La finale 2015 è in programma domenica 6 dicembre, tra Columbus Crew e Portland Timbers, due squadre senza nomi a effetto (a Columbus in compenso gioca uno dei fratelli di Gonzalo Higuaín, l’attaccante del Napoli). Con una media di di 21.574 spettaori la MLS è oggi il settimo campionato al mondo per presenza di pubblico. La serie A, per dire, è quinta con con una media di 23.893. E le grandi città rispondono. Da questa stagione New York ha due squadre (come nel football), Miami potrebbe riaffacciarsi con Beckham nelle vesti di proprietario e Los Angeles avrà presto una seconda squadra. Paura, eh?

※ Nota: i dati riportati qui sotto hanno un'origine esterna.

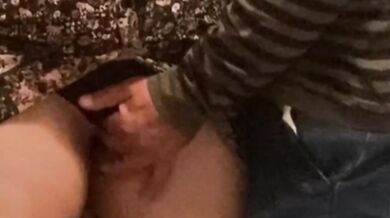 Flashing her dripping pussy for public fingering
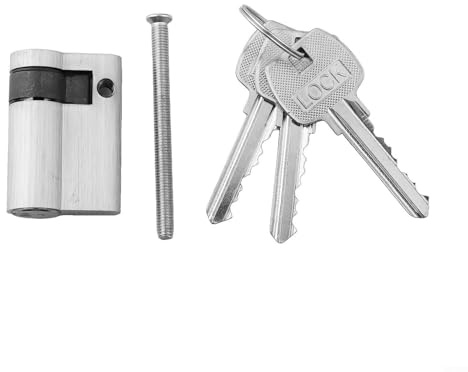 Yhenlovtt Cilindro de bloqueo de latón macizo, núcleo de medio bloqueo de 45 mm con diseño antipinchazos y resistente a los golpes para una mayor seguridad de puerta en el hogar y la oficina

Timore condivisibile. Se gli americani fanno sul serio quanto ci vorrà prima che inizino a vincere, rivincere e stravincere come capita più o meno in tutti gli sport? In verità hanno già cominciato. Con le donne, per esempio. La nazionale di calcio femminile è la più titolata della storia. Ma anche con gli uomini, che nell’aprile 2006 raggiungono addirittura il quarto posto nel ranking Fifa (per quello che vale) e che nel 2009 arrivano secondi alla Confederations Cup dopo avere sfiorato l’impresa in finale contro il Brasile. Tuttavia, la novità più significativa sembra essere l’inedito rapporto tra popolo Usa e calcio. Il tifo di Obama durante lo scorso mondiale brasiliano, – l’”addicted” Obama ha assistito a Germania-Stati Uniti a bordo dell’Air Force One e il suo “Go Team Usa” ha riecheggiato sui social durante tutto il torneo – i tweet delle celebrità per l’ultimo trionfo iridato delle ladies del soccer e l’attrattiva sui “millenial” d’oltreoceano, la generazione nata a cavallo tra XX e XXI secolo, che in graduatoria infila il calcio immediatamente dietro l’inviolabile football ma prima di 3 dei 4 “big four” Usa: basket, baseball e hockey.
Nel 2022, per la prima volta, i mondiali di calcio si giocheranno durante la stagione invernale. Un capovolgimento inedito. E se ribaltone chiama ribaltone, i miei due centesimi vanno dritti sulla nazionale statunitense. USA campioni del mondo. Il calcio non sarà più lo stesso.